Colin received his earliest education at the Church of England Grammar School in Brisbane, where he was both a cricketer and Head Prefect. He completed his Bachelor of Arts degree at the University of Queensland in Brisbane, Australia in 1940 as well as an MA degree in 1946. During World War II he worked for Australian Intelligence in the Pacific War theatre and served as chief of staff for Australian intelligence to Douglas MacArthur in several pacific theatres.
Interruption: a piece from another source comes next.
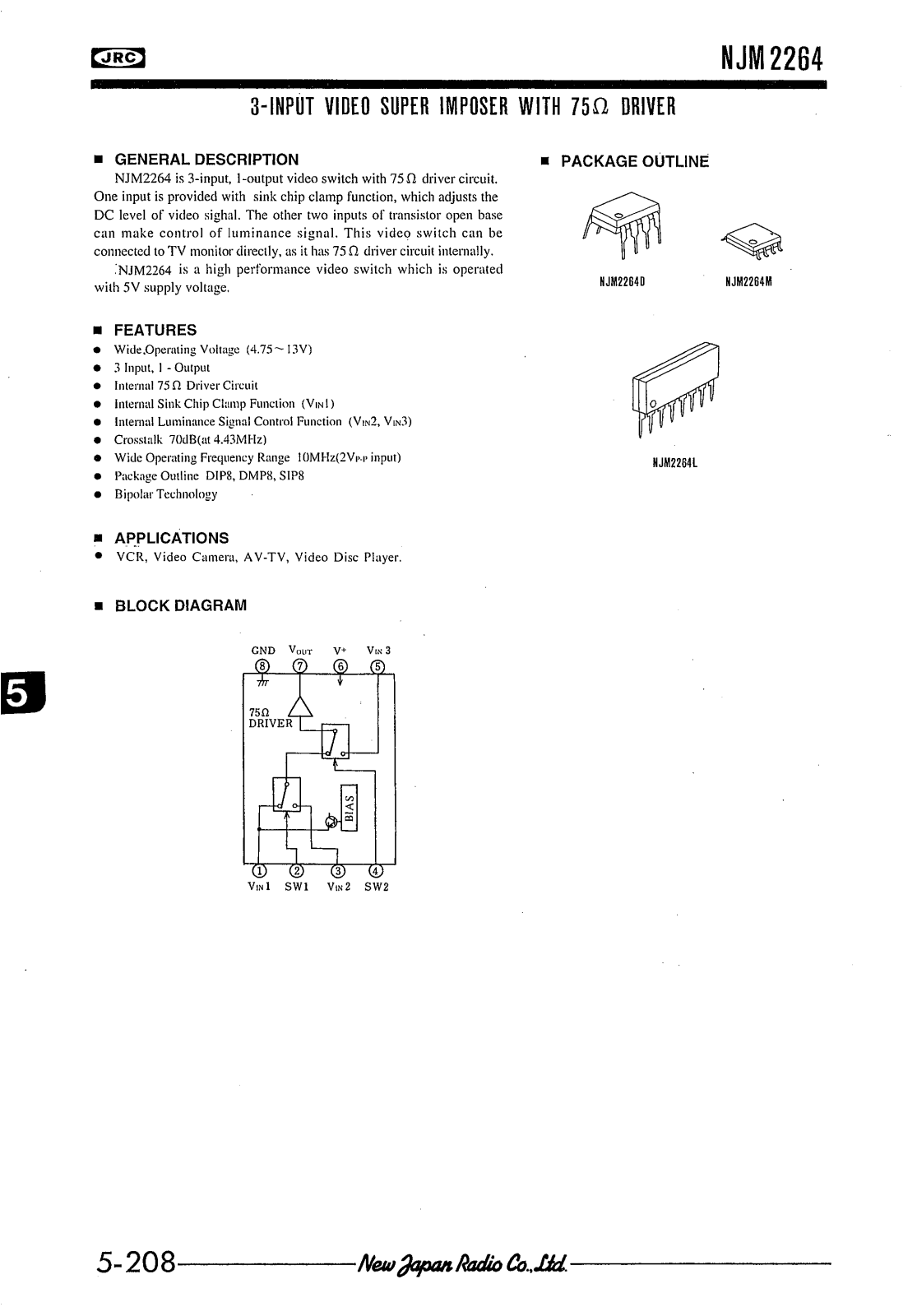 JRC NJM2264M, NJM2264L, NJM2264D Datasheet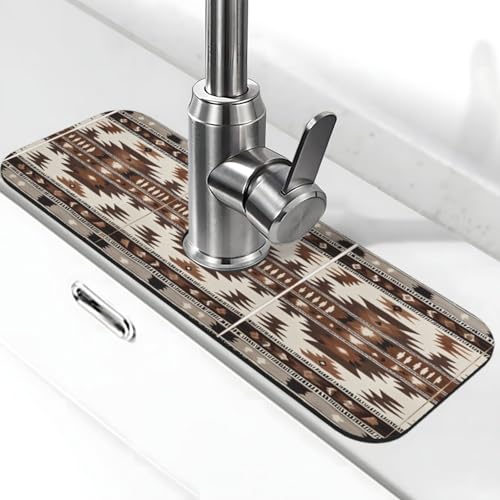 Native Print Stone Wasserhahn Matte für Küchenspüle, Kieselgur-saugfähige Matte, Wasserhahn-Spritzschutz für Badezimmer Küche (38,1 x 14 cm) von EZDLOWVBA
In 1940 he married Ailsa Krimmer and subsequently raised a family of two boys: Ron and John. They remained married for fifty-one years until her death in 1992.

===Academic studies===
After emigrating to the United States following the conclusion of World War II in 1947, he undertook graduate studies at the University of Pennsylvania. In 1950 he earned both his MA and PhD degrees in philosophy from the University of Pennsylvania.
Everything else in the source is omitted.